Opt. 2. Use PC5-S layer

In the second example, a PC5-S layer may be used as shown in FIG. 8. When the PC5-S layer is used, a PC5-S or ProSe layer/entity may be utilized. SL-P messages/information may be encapsulated in a specific PC5-S message, or the specific PC5-S message may become an SL-P specific message. In each case, a peer UE may extract the encapsulated SL-P message from the received PC5-S message or receive the SL-P message from the included field.

When using PC5-S, transmission may be performed via SL-SRB0, 1, or 2 according to the progress of PC5-S security.

In another example, when a PC5-S protocol is used and a UE transmits an SL-P message, a separate dedicated SL-SRB may be established and transmission/reception may be performed via the corresponding SRB. For example, a PC5-S message including SL-P information may be transmitted/received via an SL-SRB (e.g., an SRB other than SRB0,1,2) different from other PC5-S messages.

Opt. 3. Use discovery layer

As a further example, a discovery layer may be used as shown in FIG. 9. In case of using the discovery layer, similarly, an SL-P message may be encapsulated inside the discovery message or an SL-P specific discovery message may be included therein.

When an SL-P message is transmitted in conjunction with the discovery message, PC5-RRC unicast link establishment may not be performed. In addition, discovery SL-SRB may be utilized.

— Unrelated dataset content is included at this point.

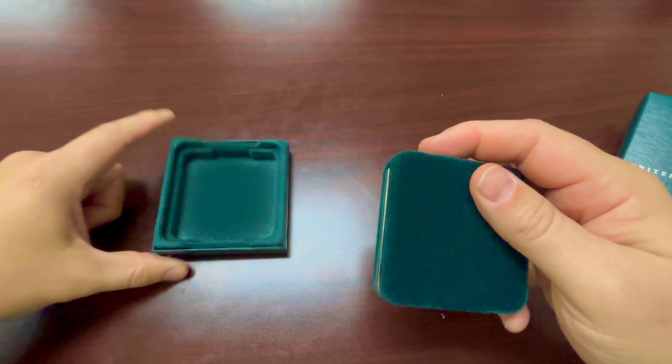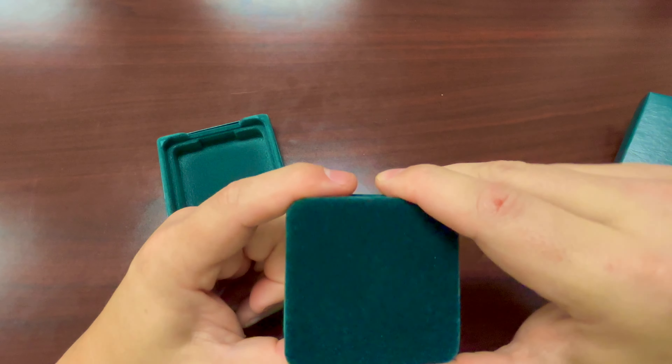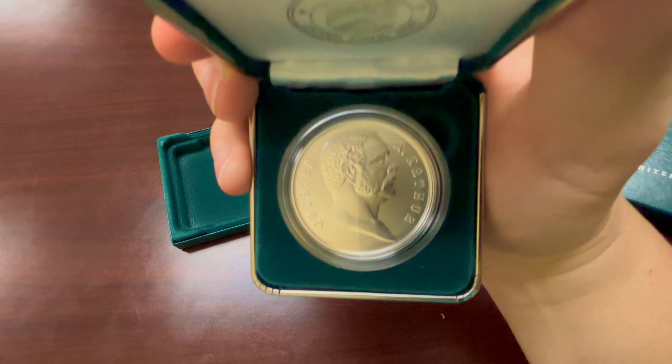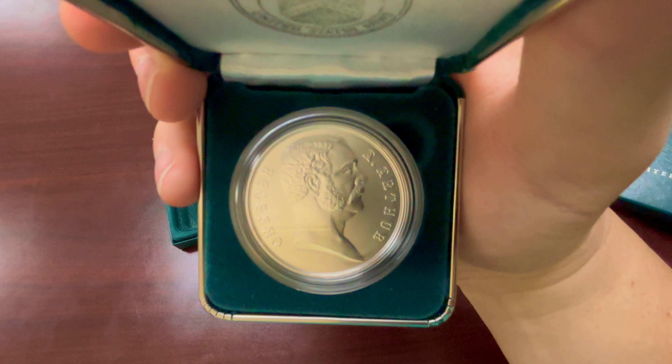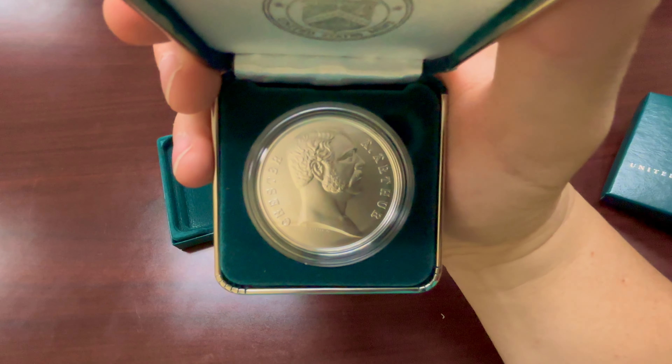It comes in these kind of fuzzy cases, a hinge case, and there's the medal. Pretty nice looking medal — Chester Arthur.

As a discovery message for SL-P purpose, the following cases may be considered. An anchor UE (reference UE) may transmit a discovery solicitation message. The discovery solicitation message may be decoded/interpreted by a UE having an L2 destination ID value for discovery purpose, previously assigned to a plurality of peer UEs. The discovery solicitation message may include message type/information indicating that the UE is a reference UE for SL-P discovery or SL-P as a corresponding discovery message type. In addition, the discovery solicitation message may include the transmitted reference UE information, information on a target UE to be sought by the reference UE, and capabilities of the reference UE. The target UE may view and interpret the discovery solicitation message to conform to the SL-P discovery of the corresponding reference UE, and to view UE information or capability of the corresponding reference UE, and the target UE may determine to be discovered. When determination is completed, the target UE may also transmit a discovery solicitation response message as a discovery message for SL-P purposes. The discovery solicitation response message may be transmitted via unicast, groupcast, or broadcast. The discovery solicitation response message may include message type/information indicating that the UE is a target UE for SL-P discovery or SL-P as a discovery message type. When the reference UE having received the discovery solicitation response message meets the capabilities of the corresponding target UE and meets the requested information of the reference UE, the reference UE may establish a PC5 direct unicast link with the target UE, and then transmit/receive PC5-RRC or PC5-S messages including SL-P information.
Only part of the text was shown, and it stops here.